Would you return exactly the lines below from the line with "imageG4Free Lightbreeze Womens" through the line with "Long hair wig", both included, and nothing else, leaving out the pictures?

───── DATASET CONTENT ─────

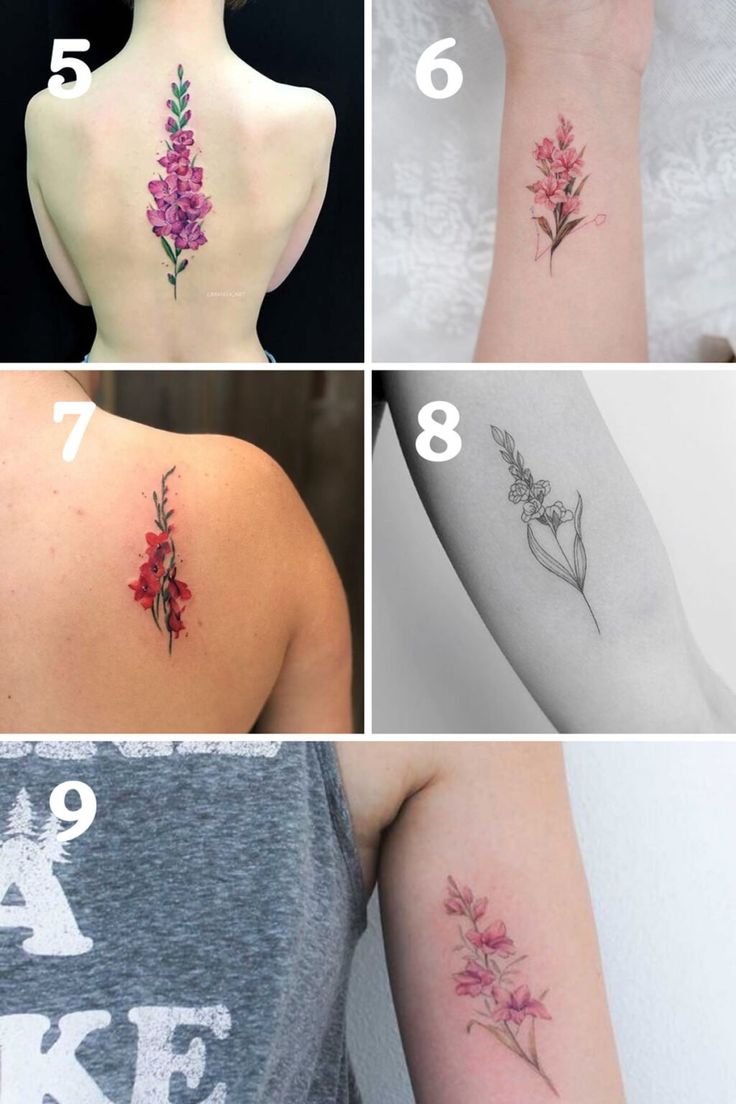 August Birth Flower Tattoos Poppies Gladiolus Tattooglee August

─────
───── DATASET CONTENT ─────

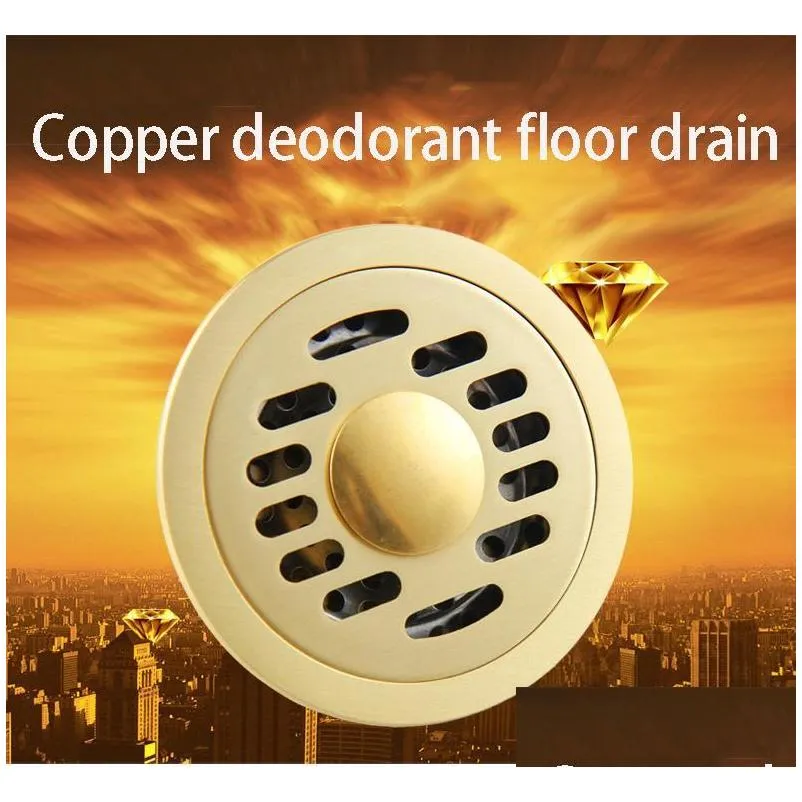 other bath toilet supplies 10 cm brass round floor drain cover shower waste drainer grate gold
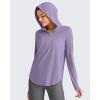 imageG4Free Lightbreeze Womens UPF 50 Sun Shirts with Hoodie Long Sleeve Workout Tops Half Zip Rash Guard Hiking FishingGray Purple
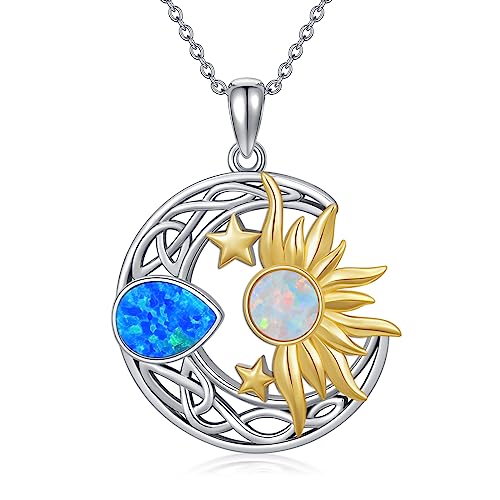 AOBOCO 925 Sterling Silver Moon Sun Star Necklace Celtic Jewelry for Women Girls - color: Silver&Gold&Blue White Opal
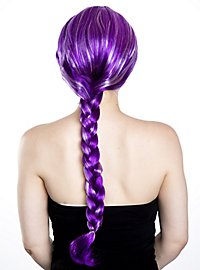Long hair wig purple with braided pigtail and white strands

─────
───── DATASET CONTENT ─────

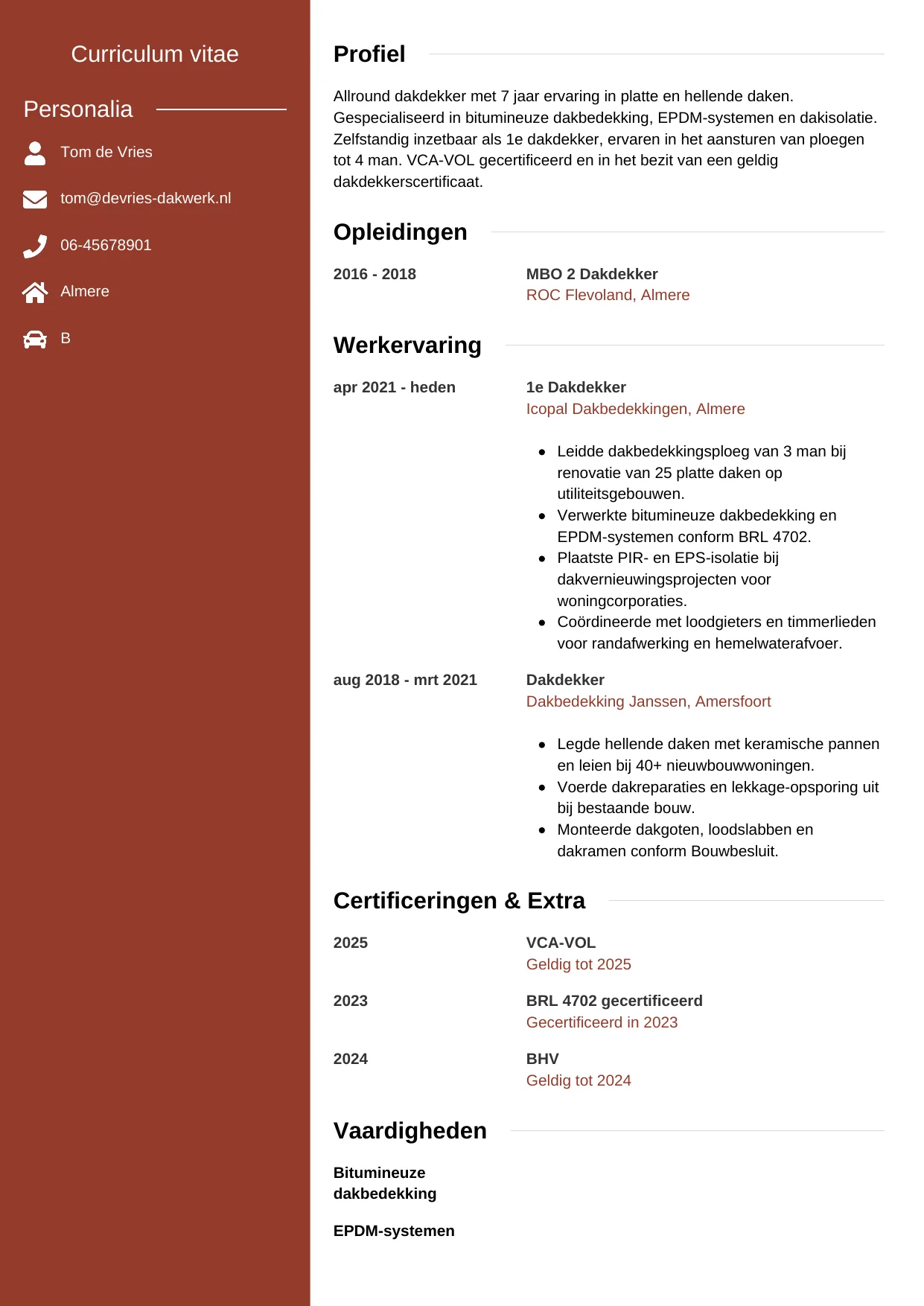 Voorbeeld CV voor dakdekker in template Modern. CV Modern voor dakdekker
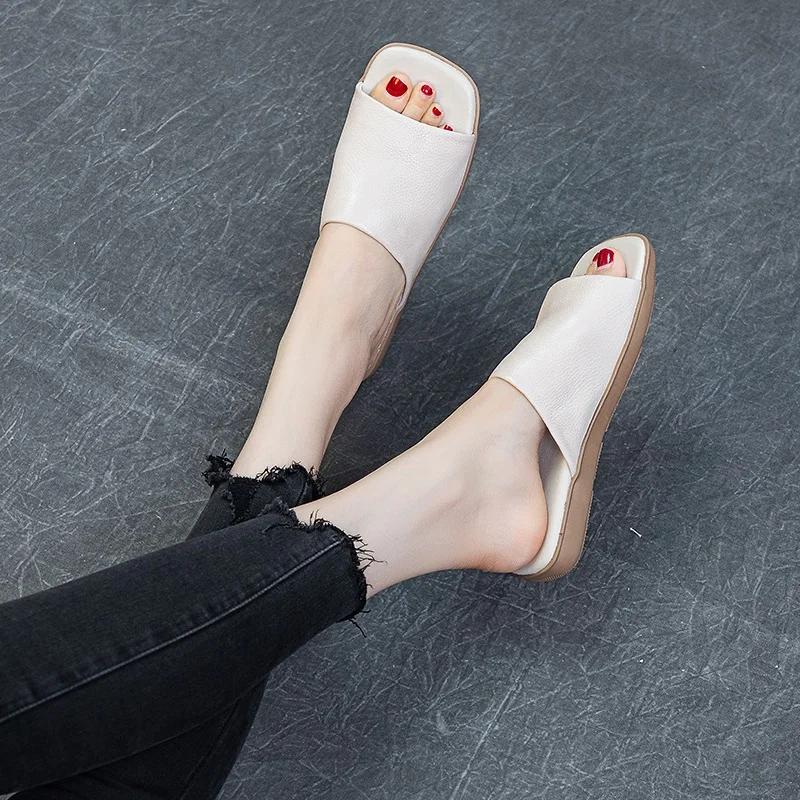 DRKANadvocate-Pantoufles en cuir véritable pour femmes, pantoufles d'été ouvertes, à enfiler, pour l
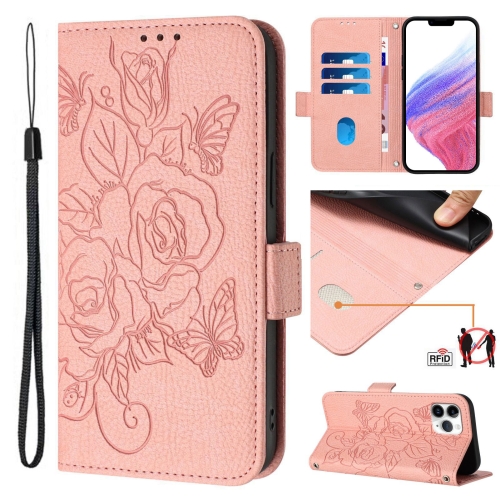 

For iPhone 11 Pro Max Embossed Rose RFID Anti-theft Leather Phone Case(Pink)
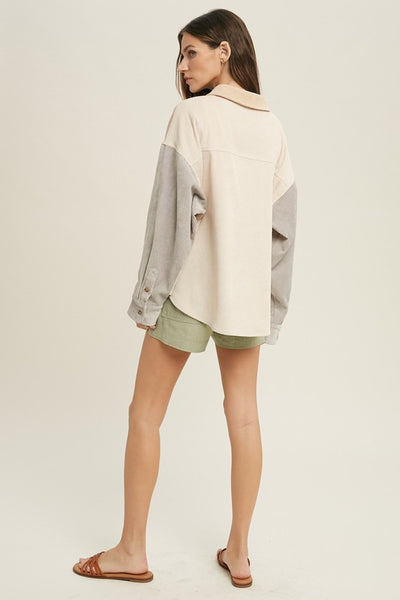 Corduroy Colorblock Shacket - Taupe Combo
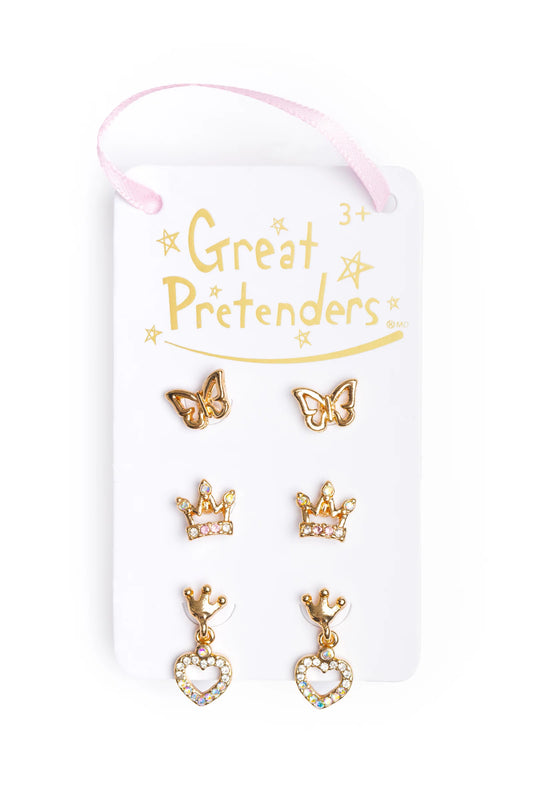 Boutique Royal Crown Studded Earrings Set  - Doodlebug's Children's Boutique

─────

THE ANSWER:
 imageG4Free Lightbreeze Womens UPF 50 Sun Shirts with Hoodie Long Sleeve Workout Tops Half Zip Rash Guard Hiking FishingGray Purple
 AOBOCO 925 Sterling Silver Moon Sun Star Necklace Celtic Jewelry for Women Girls - color: Silver&Gold&Blue White Opal
Long hair wig purple with braided pigtail and white strands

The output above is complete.